──────── Data records ────────
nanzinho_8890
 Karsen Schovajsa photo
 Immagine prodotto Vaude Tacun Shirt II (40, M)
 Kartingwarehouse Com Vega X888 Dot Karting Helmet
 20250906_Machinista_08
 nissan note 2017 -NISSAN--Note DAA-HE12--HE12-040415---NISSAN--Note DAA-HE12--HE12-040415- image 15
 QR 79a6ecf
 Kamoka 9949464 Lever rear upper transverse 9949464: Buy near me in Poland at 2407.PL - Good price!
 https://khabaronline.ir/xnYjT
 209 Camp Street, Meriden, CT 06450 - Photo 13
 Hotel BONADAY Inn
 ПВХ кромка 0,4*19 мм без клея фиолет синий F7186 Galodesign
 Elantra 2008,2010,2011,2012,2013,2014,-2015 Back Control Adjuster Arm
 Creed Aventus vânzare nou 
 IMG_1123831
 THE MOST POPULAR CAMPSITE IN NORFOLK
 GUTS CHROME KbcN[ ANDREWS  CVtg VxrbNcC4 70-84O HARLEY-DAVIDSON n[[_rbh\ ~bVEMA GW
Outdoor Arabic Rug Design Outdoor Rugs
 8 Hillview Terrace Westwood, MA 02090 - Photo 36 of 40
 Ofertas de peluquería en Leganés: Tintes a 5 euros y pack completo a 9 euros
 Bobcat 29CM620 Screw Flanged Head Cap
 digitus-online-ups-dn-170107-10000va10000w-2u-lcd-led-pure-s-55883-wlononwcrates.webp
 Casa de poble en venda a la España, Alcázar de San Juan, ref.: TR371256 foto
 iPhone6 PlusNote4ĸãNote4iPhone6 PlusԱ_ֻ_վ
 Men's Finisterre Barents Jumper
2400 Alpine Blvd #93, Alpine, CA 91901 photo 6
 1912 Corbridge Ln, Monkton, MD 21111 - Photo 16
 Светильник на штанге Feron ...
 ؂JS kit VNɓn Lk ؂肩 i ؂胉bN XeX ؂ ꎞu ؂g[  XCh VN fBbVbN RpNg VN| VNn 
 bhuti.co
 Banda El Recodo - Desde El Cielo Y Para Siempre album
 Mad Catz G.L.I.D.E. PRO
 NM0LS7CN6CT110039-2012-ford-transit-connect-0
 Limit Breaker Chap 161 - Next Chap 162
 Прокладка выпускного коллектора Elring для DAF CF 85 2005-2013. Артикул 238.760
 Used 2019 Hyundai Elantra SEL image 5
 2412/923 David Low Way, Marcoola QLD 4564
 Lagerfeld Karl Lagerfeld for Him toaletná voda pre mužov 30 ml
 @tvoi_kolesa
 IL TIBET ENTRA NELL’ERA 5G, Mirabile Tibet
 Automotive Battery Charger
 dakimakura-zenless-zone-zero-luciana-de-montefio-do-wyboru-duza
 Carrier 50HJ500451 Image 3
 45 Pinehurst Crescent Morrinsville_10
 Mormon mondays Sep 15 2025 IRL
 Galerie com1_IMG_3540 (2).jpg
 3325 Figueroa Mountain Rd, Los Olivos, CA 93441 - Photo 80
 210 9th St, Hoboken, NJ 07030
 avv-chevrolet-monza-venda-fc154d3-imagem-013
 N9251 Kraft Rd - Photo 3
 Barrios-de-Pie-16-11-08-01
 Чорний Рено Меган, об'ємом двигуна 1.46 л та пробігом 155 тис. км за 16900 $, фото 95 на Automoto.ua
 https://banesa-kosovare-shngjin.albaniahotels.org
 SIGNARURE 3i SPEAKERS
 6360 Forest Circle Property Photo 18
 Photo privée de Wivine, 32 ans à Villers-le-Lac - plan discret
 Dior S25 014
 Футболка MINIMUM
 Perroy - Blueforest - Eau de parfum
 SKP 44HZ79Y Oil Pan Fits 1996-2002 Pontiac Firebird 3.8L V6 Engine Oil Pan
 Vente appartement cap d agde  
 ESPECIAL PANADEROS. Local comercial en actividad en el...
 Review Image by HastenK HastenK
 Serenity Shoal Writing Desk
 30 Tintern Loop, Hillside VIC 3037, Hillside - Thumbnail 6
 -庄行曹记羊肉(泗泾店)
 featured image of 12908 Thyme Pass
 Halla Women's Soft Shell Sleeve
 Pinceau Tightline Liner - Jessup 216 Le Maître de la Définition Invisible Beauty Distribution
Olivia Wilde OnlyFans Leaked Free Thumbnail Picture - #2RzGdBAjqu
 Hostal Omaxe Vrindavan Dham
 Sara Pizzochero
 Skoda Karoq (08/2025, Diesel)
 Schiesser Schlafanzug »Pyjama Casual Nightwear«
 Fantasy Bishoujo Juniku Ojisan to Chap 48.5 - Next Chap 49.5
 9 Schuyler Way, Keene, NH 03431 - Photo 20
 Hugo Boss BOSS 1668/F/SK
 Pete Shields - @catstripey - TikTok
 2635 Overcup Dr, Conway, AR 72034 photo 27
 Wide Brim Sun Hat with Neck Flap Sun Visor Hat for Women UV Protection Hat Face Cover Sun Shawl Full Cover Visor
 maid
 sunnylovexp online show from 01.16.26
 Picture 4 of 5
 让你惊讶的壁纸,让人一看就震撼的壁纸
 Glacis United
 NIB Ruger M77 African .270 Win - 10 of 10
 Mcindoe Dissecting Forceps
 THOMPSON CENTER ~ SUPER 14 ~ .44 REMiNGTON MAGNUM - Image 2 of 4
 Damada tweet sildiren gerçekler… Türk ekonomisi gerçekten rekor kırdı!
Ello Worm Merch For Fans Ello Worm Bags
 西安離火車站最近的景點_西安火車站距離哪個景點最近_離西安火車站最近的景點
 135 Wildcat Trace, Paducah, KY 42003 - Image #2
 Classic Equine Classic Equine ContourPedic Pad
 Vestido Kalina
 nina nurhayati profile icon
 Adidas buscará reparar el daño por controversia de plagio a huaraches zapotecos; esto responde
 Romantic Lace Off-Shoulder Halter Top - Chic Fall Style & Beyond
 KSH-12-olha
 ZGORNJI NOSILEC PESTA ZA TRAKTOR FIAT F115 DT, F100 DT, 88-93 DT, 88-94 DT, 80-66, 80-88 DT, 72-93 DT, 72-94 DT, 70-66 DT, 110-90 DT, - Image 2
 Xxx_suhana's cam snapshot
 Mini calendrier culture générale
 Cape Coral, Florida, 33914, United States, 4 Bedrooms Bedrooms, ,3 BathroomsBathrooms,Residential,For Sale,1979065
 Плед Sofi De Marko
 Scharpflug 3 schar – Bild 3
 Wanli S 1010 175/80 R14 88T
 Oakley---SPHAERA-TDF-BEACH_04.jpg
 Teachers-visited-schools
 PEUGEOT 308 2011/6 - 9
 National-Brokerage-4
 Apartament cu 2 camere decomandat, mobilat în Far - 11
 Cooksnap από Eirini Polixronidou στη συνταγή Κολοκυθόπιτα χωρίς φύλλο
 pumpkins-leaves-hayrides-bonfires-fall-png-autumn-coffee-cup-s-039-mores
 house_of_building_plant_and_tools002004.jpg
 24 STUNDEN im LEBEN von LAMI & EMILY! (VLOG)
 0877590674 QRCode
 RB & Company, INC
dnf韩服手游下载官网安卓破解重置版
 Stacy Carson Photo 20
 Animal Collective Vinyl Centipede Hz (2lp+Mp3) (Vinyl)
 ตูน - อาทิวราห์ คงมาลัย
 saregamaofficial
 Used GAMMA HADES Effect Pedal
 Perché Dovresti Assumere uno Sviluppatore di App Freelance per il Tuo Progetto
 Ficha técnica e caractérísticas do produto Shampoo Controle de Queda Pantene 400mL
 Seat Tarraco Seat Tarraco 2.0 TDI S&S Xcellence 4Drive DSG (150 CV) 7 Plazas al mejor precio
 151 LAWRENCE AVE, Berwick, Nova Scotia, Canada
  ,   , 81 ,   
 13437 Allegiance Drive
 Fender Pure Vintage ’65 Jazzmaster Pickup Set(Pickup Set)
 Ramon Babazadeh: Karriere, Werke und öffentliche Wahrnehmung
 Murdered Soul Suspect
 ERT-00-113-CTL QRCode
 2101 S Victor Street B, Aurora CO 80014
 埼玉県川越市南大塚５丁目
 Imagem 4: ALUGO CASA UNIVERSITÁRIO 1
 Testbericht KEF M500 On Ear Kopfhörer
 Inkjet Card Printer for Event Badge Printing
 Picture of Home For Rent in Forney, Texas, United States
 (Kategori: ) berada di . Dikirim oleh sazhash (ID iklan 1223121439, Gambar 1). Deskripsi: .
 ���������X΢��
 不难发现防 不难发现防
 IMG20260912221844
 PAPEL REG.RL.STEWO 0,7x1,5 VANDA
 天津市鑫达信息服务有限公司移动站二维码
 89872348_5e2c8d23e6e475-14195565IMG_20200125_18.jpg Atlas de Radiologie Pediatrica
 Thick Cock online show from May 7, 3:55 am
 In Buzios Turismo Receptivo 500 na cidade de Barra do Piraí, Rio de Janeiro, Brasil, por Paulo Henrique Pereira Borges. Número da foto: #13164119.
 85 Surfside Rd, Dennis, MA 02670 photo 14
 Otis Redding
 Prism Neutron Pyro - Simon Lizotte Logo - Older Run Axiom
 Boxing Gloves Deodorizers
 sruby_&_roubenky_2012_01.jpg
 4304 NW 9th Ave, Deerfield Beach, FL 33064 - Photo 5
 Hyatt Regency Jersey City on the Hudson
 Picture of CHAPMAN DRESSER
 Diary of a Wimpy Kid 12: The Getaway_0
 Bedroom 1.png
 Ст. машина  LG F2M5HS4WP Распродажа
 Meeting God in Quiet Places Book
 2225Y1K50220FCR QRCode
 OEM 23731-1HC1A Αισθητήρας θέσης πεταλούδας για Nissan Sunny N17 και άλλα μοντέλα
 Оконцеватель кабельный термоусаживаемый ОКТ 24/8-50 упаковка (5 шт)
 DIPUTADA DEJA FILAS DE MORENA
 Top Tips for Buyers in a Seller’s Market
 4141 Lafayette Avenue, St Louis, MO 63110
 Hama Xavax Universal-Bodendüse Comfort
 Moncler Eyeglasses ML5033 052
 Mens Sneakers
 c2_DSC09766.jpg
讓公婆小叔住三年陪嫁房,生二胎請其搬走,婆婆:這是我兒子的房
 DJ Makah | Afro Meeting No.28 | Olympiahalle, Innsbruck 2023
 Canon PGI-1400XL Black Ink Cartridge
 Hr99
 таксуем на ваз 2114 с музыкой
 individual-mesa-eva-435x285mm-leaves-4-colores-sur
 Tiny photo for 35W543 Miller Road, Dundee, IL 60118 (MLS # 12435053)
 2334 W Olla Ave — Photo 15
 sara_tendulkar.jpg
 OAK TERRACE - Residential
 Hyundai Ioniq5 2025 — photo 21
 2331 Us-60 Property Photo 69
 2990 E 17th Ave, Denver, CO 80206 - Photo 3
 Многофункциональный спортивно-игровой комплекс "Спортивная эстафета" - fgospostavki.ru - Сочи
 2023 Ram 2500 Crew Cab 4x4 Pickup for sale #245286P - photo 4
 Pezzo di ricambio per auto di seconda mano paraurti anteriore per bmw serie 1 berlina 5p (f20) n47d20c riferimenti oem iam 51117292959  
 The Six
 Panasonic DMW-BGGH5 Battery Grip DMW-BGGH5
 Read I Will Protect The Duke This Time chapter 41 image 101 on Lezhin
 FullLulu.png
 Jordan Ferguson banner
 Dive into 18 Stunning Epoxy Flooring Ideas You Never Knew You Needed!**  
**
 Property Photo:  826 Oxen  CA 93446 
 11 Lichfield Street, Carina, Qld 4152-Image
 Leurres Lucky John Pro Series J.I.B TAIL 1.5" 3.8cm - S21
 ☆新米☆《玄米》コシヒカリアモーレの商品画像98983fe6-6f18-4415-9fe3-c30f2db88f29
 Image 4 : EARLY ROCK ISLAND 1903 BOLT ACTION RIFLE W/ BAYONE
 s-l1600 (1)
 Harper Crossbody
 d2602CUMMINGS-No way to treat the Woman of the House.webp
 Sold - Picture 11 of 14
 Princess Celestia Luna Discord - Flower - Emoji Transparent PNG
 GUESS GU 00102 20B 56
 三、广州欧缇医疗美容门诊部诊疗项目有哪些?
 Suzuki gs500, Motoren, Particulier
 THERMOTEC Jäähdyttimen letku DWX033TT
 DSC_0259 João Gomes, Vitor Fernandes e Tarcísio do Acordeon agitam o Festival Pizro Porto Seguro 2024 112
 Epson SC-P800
────────
Please copy the lines above from the line with "2635 Overcup Dr, Conway, AR 72034 photo 27" up to and including the line with "Ficha técnica e", exactly as written and with nothing else.

 2635 Overcup Dr, Conway, AR 72034 photo 27
 Wide Brim Sun Hat with Neck Flap Sun Visor Hat for Women UV Protection Hat Face Cover Sun Shawl Full Cover Visor
 maid
 sunnylovexp online show from 01.16.26
 Picture 4 of 5
 让你惊讶的壁纸,让人一看就震撼的壁纸
 Glacis United
 NIB Ruger M77 African .270 Win - 10 of 10
 Mcindoe Dissecting Forceps
 THOMPSON CENTER ~ SUPER 14 ~ .44 REMiNGTON MAGNUM - Image 2 of 4
 Damada tweet sildiren gerçekler… Türk ekonomisi gerçekten rekor kırdı!
Ello Worm Merch For Fans Ello Worm Bags
 西安離火車站最近的景點_西安火車站距離哪個景點最近_離西安火車站最近的景點
 135 Wildcat Trace, Paducah, KY 42003 - Image #2
 Classic Equine Classic Equine ContourPedic Pad
 Vestido Kalina
 nina nurhayati profile icon
 Adidas buscará reparar el daño por controversia de plagio a huaraches zapotecos; esto responde
 Romantic Lace Off-Shoulder Halter Top - Chic Fall Style & Beyond
 KSH-12-olha
 ZGORNJI NOSILEC PESTA ZA TRAKTOR FIAT F115 DT, F100 DT, 88-93 DT, 88-94 DT, 80-66, 80-88 DT, 72-93 DT, 72-94 DT, 70-66 DT, 110-90 DT, - Image 2
 Xxx_suhana's cam snapshot
 Mini calendrier culture générale
 Cape Coral, Florida, 33914, United States, 4 Bedrooms Bedrooms, ,3 BathroomsBathrooms,Residential,For Sale,1979065
 Плед Sofi De Marko
 Scharpflug 3 schar – Bild 3
 Wanli S 1010 175/80 R14 88T
 Oakley---SPHAERA-TDF-BEACH_04.jpg
 Teachers-visited-schools
 PEUGEOT 308 2011/6 - 9
 National-Brokerage-4
 Apartament cu 2 camere decomandat, mobilat în Far - 11
 Cooksnap από Eirini Polixronidou στη συνταγή Κολοκυθόπιτα χωρίς φύλλο
 pumpkins-leaves-hayrides-bonfires-fall-png-autumn-coffee-cup-s-039-mores
 house_of_building_plant_and_tools002004.jpg
 24 STUNDEN im LEBEN von LAMI & EMILY! (VLOG)
 0877590674 QRCode
 RB & Company, INC
dnf韩服手游下载官网安卓破解重置版
 Stacy Carson Photo 20
 Animal Collective Vinyl Centipede Hz (2lp+Mp3) (Vinyl)
 ตูน - อาทิวราห์ คงมาลัย
 saregamaofficial
 Used GAMMA HADES Effect Pedal
 Perché Dovresti Assumere uno Sviluppatore di App Freelance per il Tuo Progetto
 Ficha técnica e caractérísticas do produto Shampoo Controle de Queda Pantene 400mL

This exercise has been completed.